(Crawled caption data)
┌────────

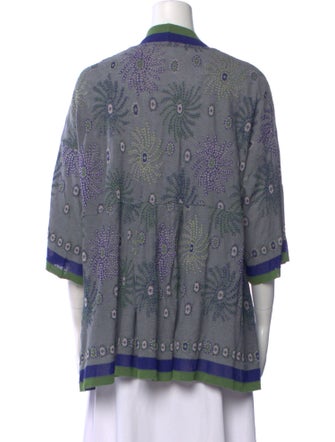 Catherine Andre Floral Print Open Front Sweater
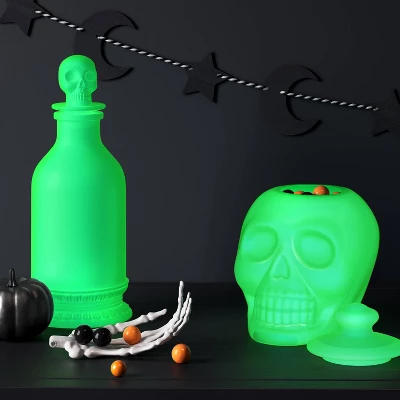 Plastic Blacklight Glow Skull Lid Bottle Figurine - Hyde And EEK! Boutique™ Neon Green 1 Plastic Blacklight Glow Skull Lid Bottle Figurine - Hyde And EEK! Boutique™ Neon Green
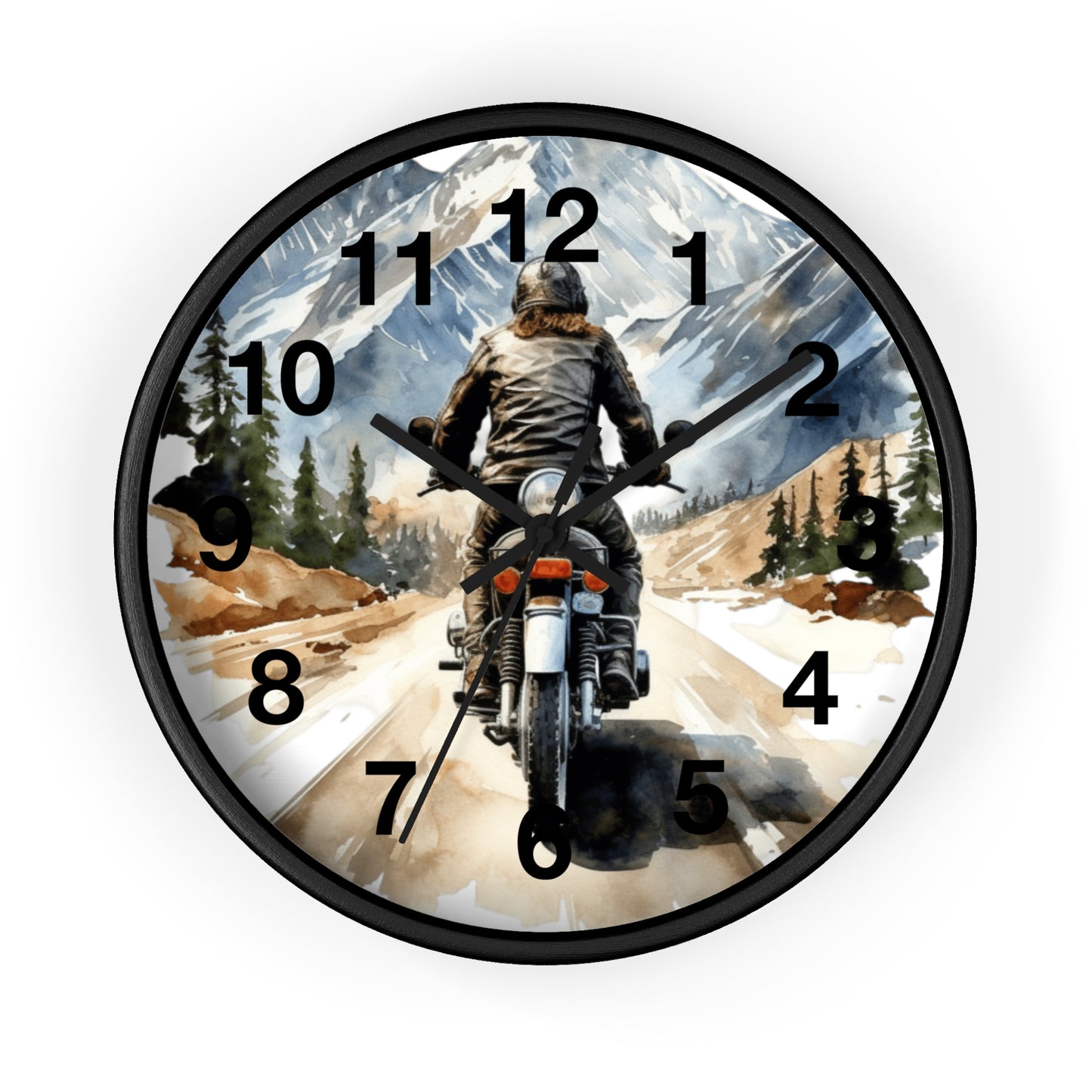 Biker Riding Open Road Wall Clock | Mountain Range Scenic View Motorcycle Art Unique Biker Decor Adventure Gift for Bikers Battery Operated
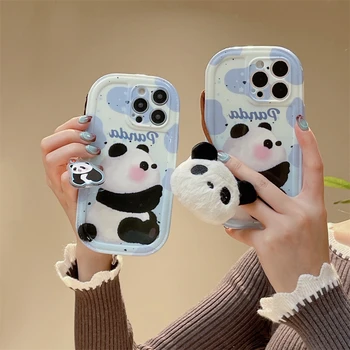 Япония сладък 3D плюшено висулка с пандой и шарени крави силиконов калъф за iphone 11 12 13 14 15Pro Max забавно дебела панда мека корица мультяшная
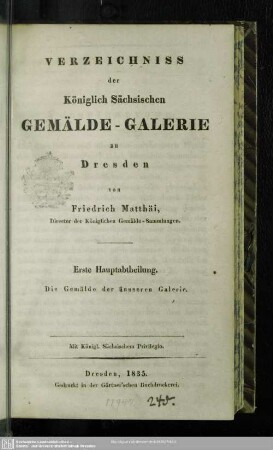 1: Die Gemälde der äusseren Galerie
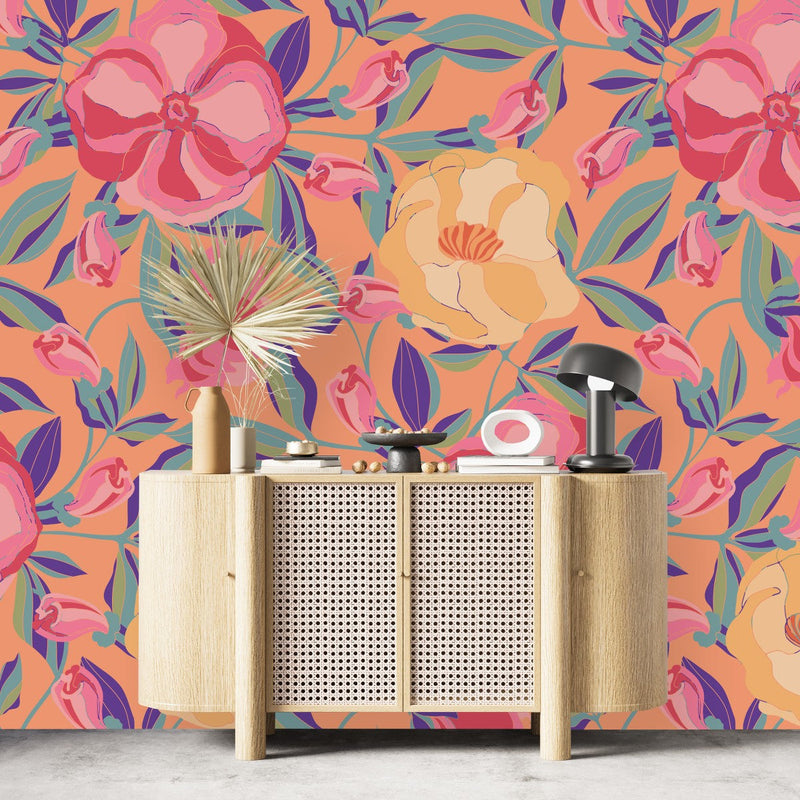 Contemporary Orange Floral Contemporary Wallpaper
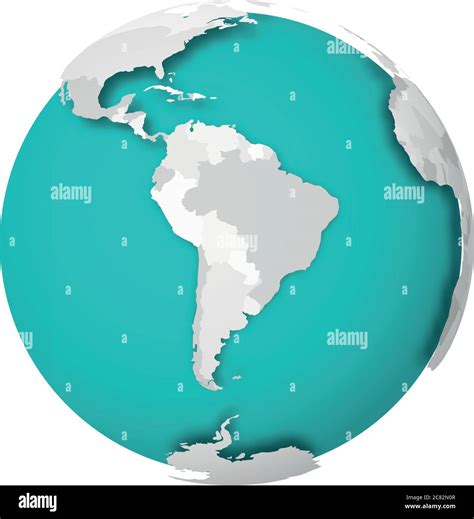 3d Earth Globe With Blank Political Map Dropping Shadow On Blue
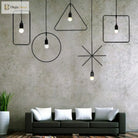 Cali Geometric Pendant: Bold Style & Warm Ambiance (Black Metal)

└────────

→ What the task asks: Give every line above again exactly, omitting whatever pictures appear.

→ Your solution:
 Catherine Andre Floral Print Open Front Sweater
 Plastic Blacklight Glow Skull Lid Bottle Figurine - Hyde And EEK! Boutique™ Neon Green 1 Plastic Blacklight Glow Skull Lid Bottle Figurine - Hyde And EEK! Boutique™ Neon Green
 Biker Riding Open Road Wall Clock | Mountain Range Scenic View Motorcycle Art Unique Biker Decor Adventure Gift for Bikers Battery Operated
 Япония сладък 3D плюшено висулка с пандой и шарени крави силиконов калъф за iphone 11 12 13 14 15Pro Max забавно дебела панда мека корица мультяшная
 1: Die Gemälde der äusseren Galerie
 Contemporary Orange Floral Contemporary Wallpaper
 3d Earth Globe With Blank Political Map Dropping Shadow On Blue
 Cali Geometric Pendant: Bold Style & Warm Ambiance (Black Metal)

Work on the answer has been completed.